Initial steps are similar to those in the post,
$(\frac{1} {{1}^r} -\frac{1} {{2}^r} +\frac{1} {{3}^r} +\dots)(\frac{1} {{1}^s} -\frac{1} {{2}^s} +\frac{1} {{3}^s} +\dots)\\ =\frac{1} {{1}^r}\frac{1} {{1}^s}+\dots +[(-\frac{1} {{1}^r} \frac{1} {{(2k)}^s}+\frac{1} {{1}^r} \frac{1} {{(2k+1)}^s} -\frac{1} {{2}^r} \frac{1} {{(2k-1)}^s}+\frac{1} {{2}^r} \frac{1} {{(2k)}^s}+\dots -\frac{1} {{k}^r}\frac{1} {{(k+1)}^s}+\frac{1} {{k}^r}\frac{1} {{(k+2)}^s} -\frac{1} {{(k+1)}^r}\frac{1} {{k}^s}+\frac{1} {{(k+2)}^r}\frac{1} {{k}^s} \dots-\frac{1} {{(2k)}^r}\frac{1} {{1}^s}+ \frac{1} {{(2k+1)}^r}\frac{1} {{1}^s}) +\frac{1} {{(k+1)}^{r+s}}]+\dots,$
where
$\sum_{m=1}^{2k}|(-\frac{1} {m^r} \frac{1} {(2k+1-m)^s}+\frac{1} {m^r} \frac{1} {(2k+2-m)^s})| =\sum_{m=1}^{2k}\frac{1} {m^r} \frac{1} {(2k+1-m)^s}(1-\frac{1} {(1+\frac{1}{2k+1-m})^s})\\ =\sum_{m=1}^{2k}\frac{1} {m^r} \frac{1} {(2k+1-m)^s}(s\frac{1}{2k+1-m}+O(\frac{1}{(2k+1-m)^2})) =\sum_{m=1}^{2k}\frac{1} {m^r} \frac{s} {(2k+1-m)^{s+1}},$
for $1-(1+x)^{-s}=-\frac{(-s)}{1!}x-\frac{(-s)(-s-1)}{2!}x^2+\dots.$ We can not easily use $\frac{1}{\sqrt{ab}}>\frac{1}{a+b}$ here, instead we use Taylor expansion. It seems the above sum approximates $\sum_{m=1}^{2k}\frac{1} {k^r} \frac{1} {(k)^{s+1}}\approx \frac{k}{k^{r+s+1}}=\frac{1}{k},$ and so the series (say $\sum \psi_n$) it forms diverges as well.

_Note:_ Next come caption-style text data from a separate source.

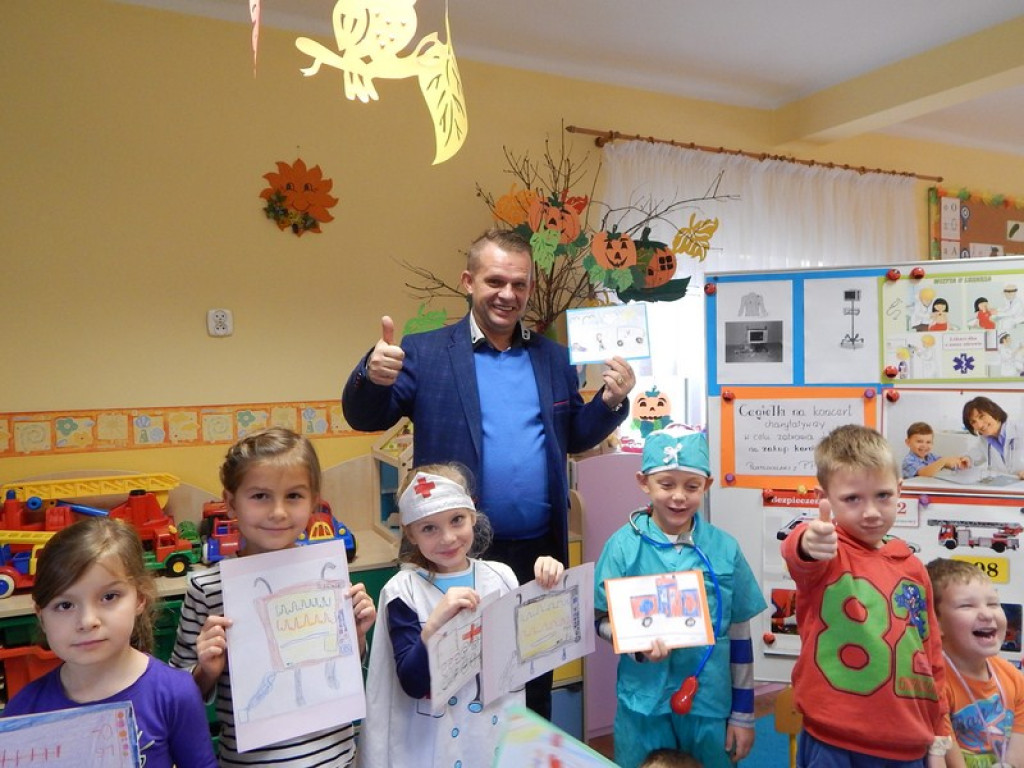 Mali wolontariusze z Przedszkola Publicznego nr 3 w Brzegu.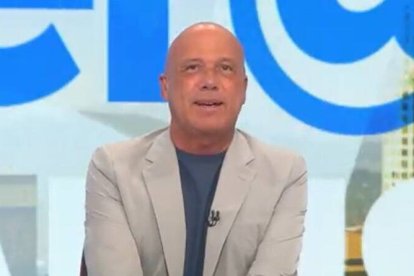 Alfonso Arús presentando "Aruseros" en La Sexta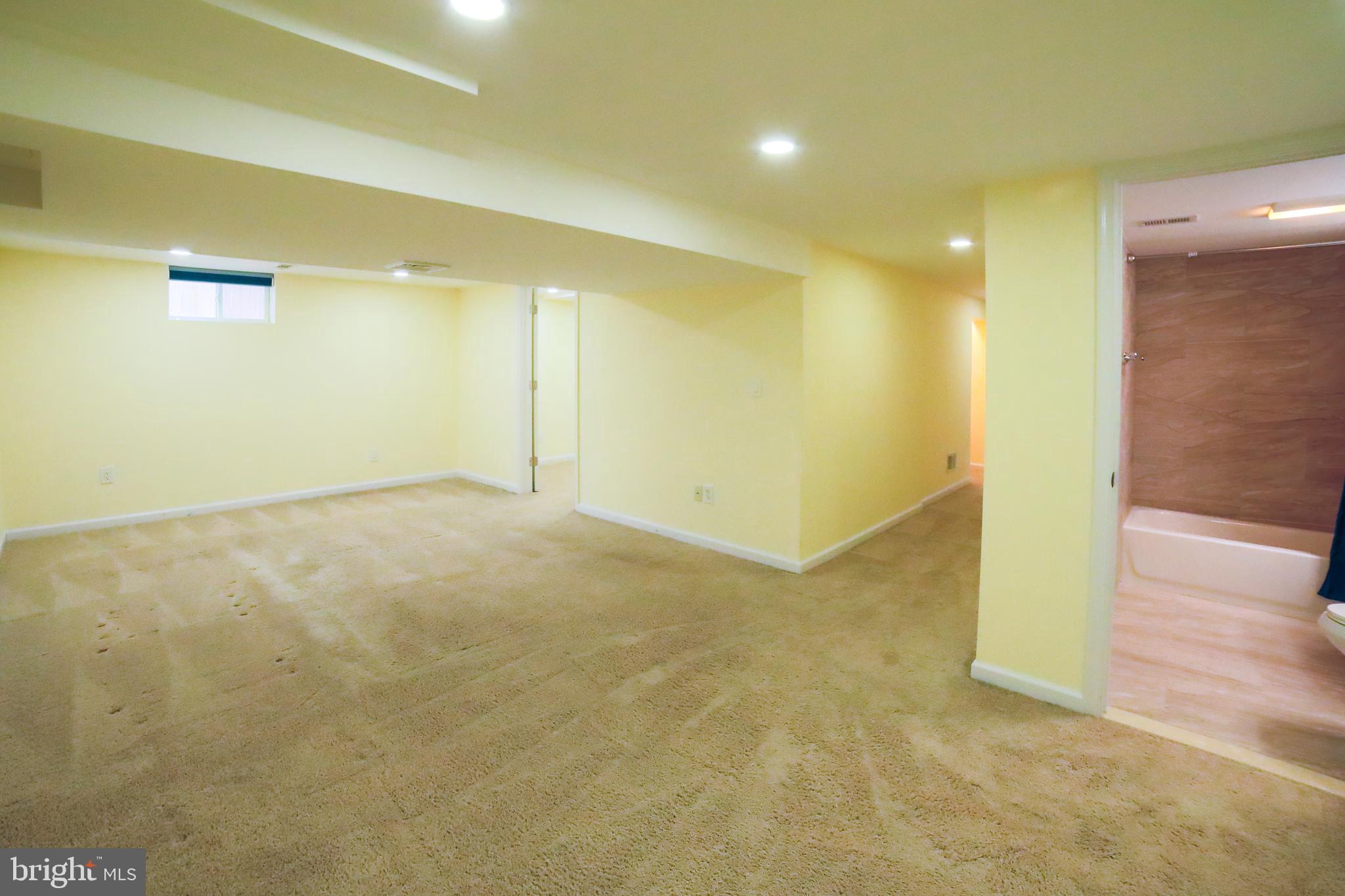 BROAD ACRES - Residential Lease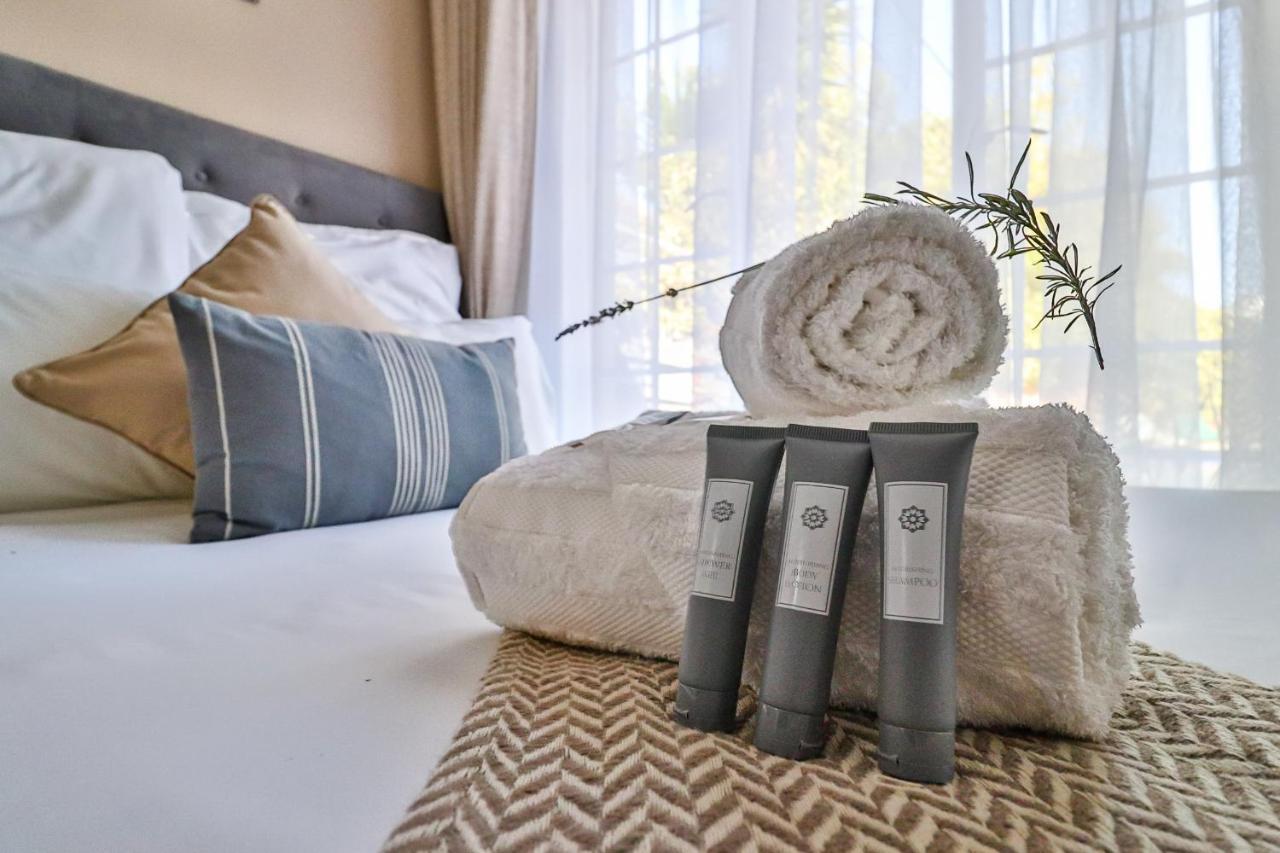 Sunbury Bed And Breakfast โจฮันเนสเบิร์ก ภายนอก รูปภาพ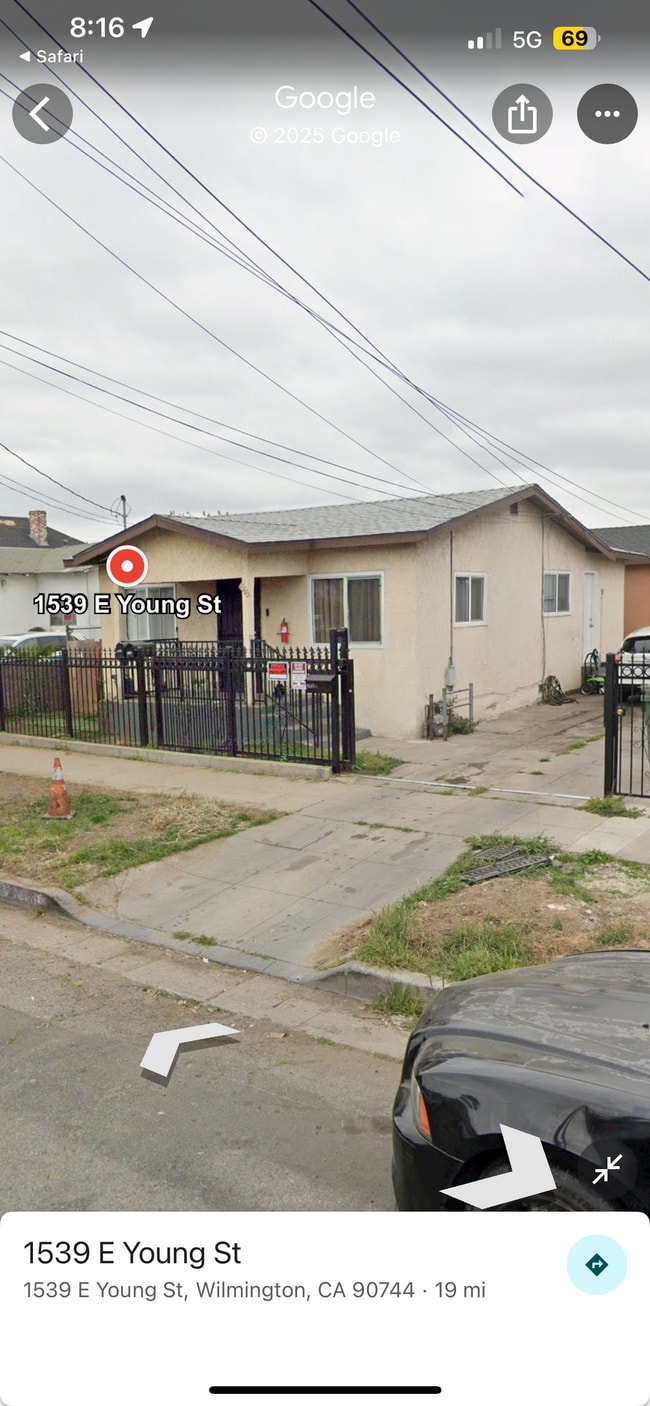 Building Photo - 1539 E Young St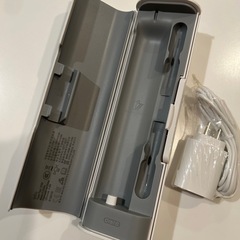 【引き取り限定】オーラルB 電動歯ブラシ用　トラベルケースとスマートプラグの画像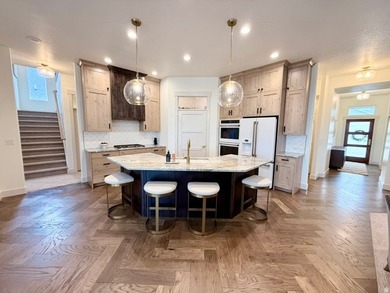 Don't miss this showstopper! Located on the east bench of - photo 11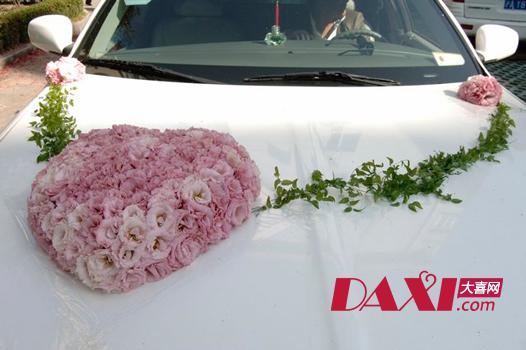 2013最新婚礼花车装饰图片赏析 给你一个奢华仪式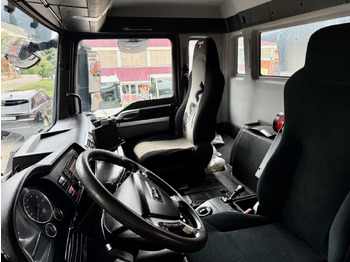 Tipper MAN TGS 35.480 8x4: picture 3 Tipper MAN TGS 35.480 8x4: picture 3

But here we are gonna show that the serives diverges more than $\sum \frac{1}{k+1}$, which we can't yet show in the above post.
Let s go near 1-0 (i.e. r+s-0), then $\sum \psi_n$ goes near
$\sum_{m=1}^{2k}\frac{1} {m^0} \frac{r+s} {(2k+1-m)^{r+s+1}}
=\sum_{m=1}^{2k}\frac{1} {(2k+1-m)^{2}}=\frac{1}{(2k)^2}+\frac{1}{(2k-1)^2}+\dots+\frac{1}{1^2}>\frac{2}{k+1}$ (A note for myself: for calculation of this sum and the sum in the above post, see Formula for $\frac{1}{(n)^2}+\frac{1}{(n-1)^2}+\dots+\frac{1}{1^2}$.. According to results there, the left side tends to $\frac{\pi^2}{6}$ which is obviously larger than the right side that tends to 0. So $\sum \nu_n\approx \sum_{k=0}^\infty \frac{\pi^2}{6}$, it doesn't oscillates between two values but oscillates to infinity.)
when k $\geq$ 3 (i.e. $\frac{2}{k+1}\leq \frac{1}{2^2}$). Therefore when s is near 0, $|\sum \nu_n|>\sum\frac{2}{k+1}-\sum\frac{1}{k+1}$, which diverges.
My question is how to, in general, prove that it the series $\sum \nu_n$ diverges?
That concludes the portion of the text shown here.